در چند انداخت در کشتی و جست ** مر هوا را ساخت کرسی و نشست
Padişahlar gibi tahtının üstüne bağdaş kurup kuruldu.
خوش مربع چون شهان بر تخت خویش ** او فراز اوج و کشتیاش به پیش
O, havanın yücesinde, gemi de onun önünde!

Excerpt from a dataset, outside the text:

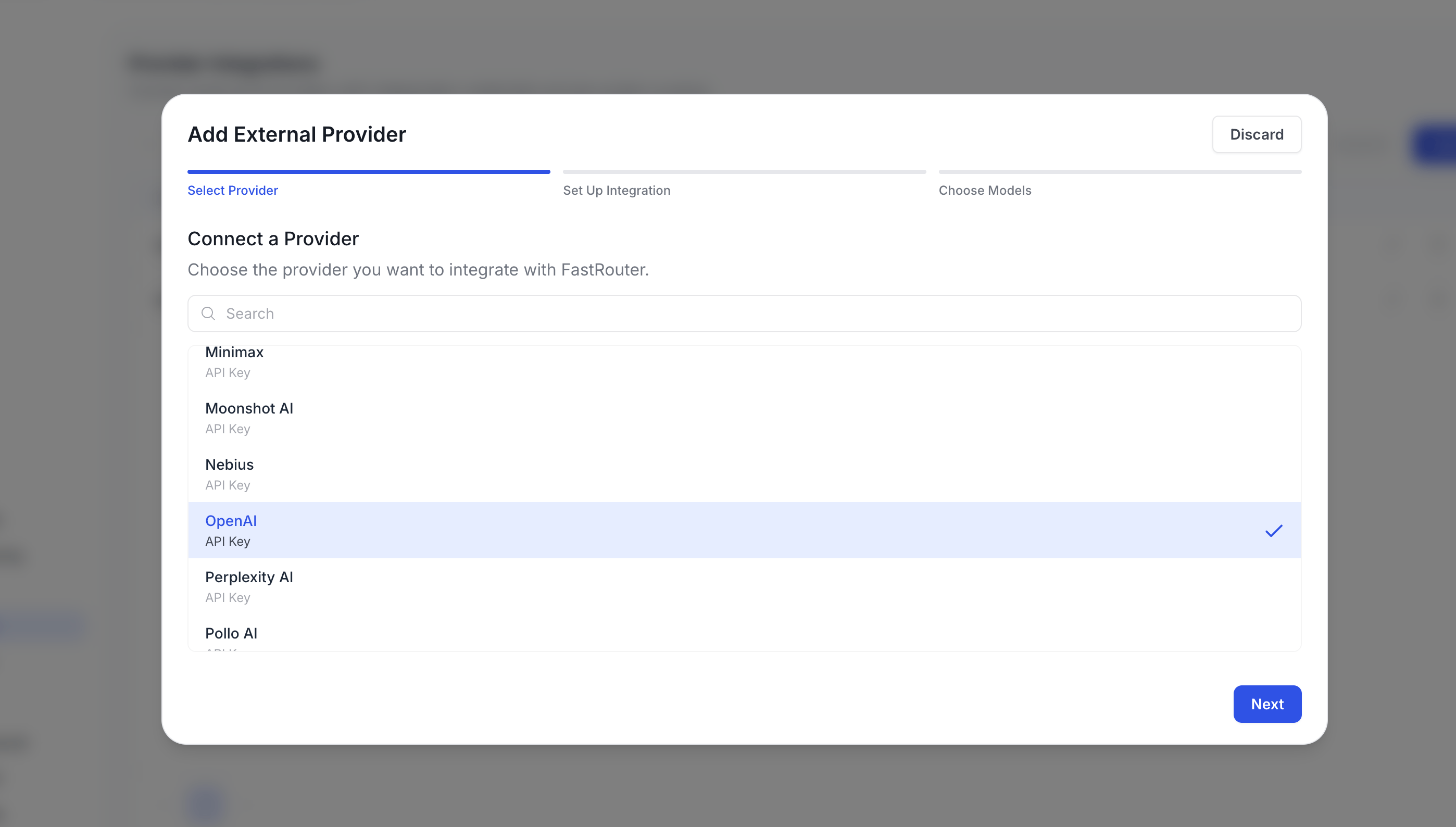 select provider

گفت رو کشتی شما را حق مرا ** تا نباشد با شما دزد گدا3490
Dedi ki: “Yürüyün, gidin. Gemi sizin Hak benim, yoksul bir hırsız sizinle bir arada olmasın!
تا که را باشد خسارت زین فراق ** من خوشم جفت حق و با خلق طاق
Bakalım, bu ayrılıktan kim ziyan eder? Ben hoşum, Hak’la çift, halktan tek!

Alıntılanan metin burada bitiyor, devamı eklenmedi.